论文题目:融入世界哲学争鸣的庄子
作者:方旭东,华东师范大学中国现代思想文化研究所暨哲学系教授。
本文原载《社会科学报》,总第1778期8版
在杨国荣教授(以下简称杨)已经出版的几十种著作中,中华书局2021年推出的这本《庄子内篇释义》(以下简称《释义》)稍显另类。
从部头上看,它是一本“小”书,包括《庄子》内七篇原文在内,才十八万字。从形式上看,顾名思义,它是对《庄子》内七篇从头到尾一字不落的逐段疏解。这种工作更接近所谓汉学工夫,而杨给人的一贯印象是以思辨见长。不仅如此,熟悉杨的人可能已经发现,这是他与《庄子》的再度结缘。早在2006年,北京大学出版社就出版了其《庄子的思想世界》(以下简称《世界》)一书。既然是“两次踏进同一条河流”,那么,人们自然很想知道:两次有何不同?

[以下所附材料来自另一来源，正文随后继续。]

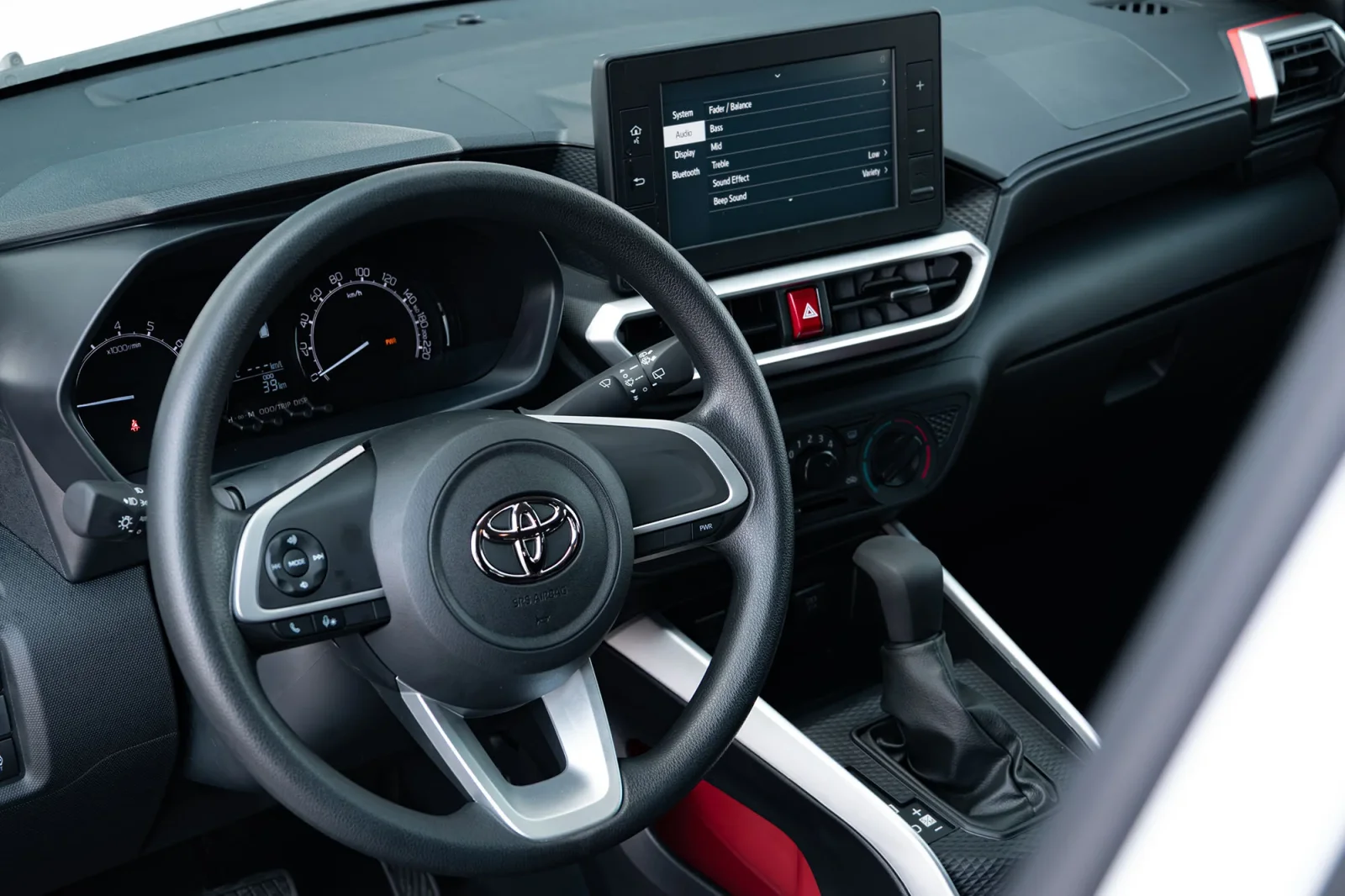 Kiralık Toyota Raize  Beyaz 2026 içinde Dubai - 4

两书体例的不同从外在形式上就保证了它们不可能重复,如果说《世界》是“六经注我”,那么《释义》则是“我注六经”;如果说《世界》是作者绣出的“鸳鸯”,那么《释义》则清楚地展现了作者的“金针”。从来妙手都是绣出鸳鸯给人看,却少有愿把金针渡与人的。从这个意义上说,《释义》是杨著当中对读者界面最为友好的一本。对于那些为杨著所吸引却苦于哲学训练不足而每每望而却步的爱好者而言,《释义》显得尤为平易近人。
“二阶研究”
今本《庄子》分内、外、杂篇,近代以来,《庄子》研究者往往倾力于考证诸篇写作年代以及作者,尤其是刘笑敢《庄子哲学及其演变》一书问世之后,“内篇”为庄子本人所作的观念被一些论者奉为圭臬,以致于后来的《庄子》研究者在文本上谨守“内篇”,不敢越雷池半步。与此不同,杨提出了一种“整体观”:
关于《庄子》一书更合理的理解是将其视为一个整体。可以将庄子视为《庄子》一书的观念主体,把《庄子》一书看作庄子的思想载体。《庄子》一书在思想内涵上应该被理解为一个整体。(2页)
虽然书名标有“内篇”字样,但《释义》实际上超出了内篇范围。这一方面是因为作者对于内篇没有常见的那种“迷思”(myth),另一方面也是因为,作者在《释义》之前先有《世界》,而《世界》是基于对《庄子》全书的把握而分十章进行专题研究之作。也就是说,作者对《庄子》全书了如指掌,所以,《释义》固然是对内篇文本的逐段疏解,但作者经常熟练地穿梭于“内篇”“外篇”“杂篇”之间。这个情况跟某些题为庄子哲学研究但实际主要处理内七篇的著作正好相反,它是题为“内篇释义”,带给读者的却是一个整体的《庄子》的思想世界。《释义》的“前言”部分,是浓缩《世界》的主要观点而来。所以,读者从《释义》一书得到的远远不止内七篇的信息。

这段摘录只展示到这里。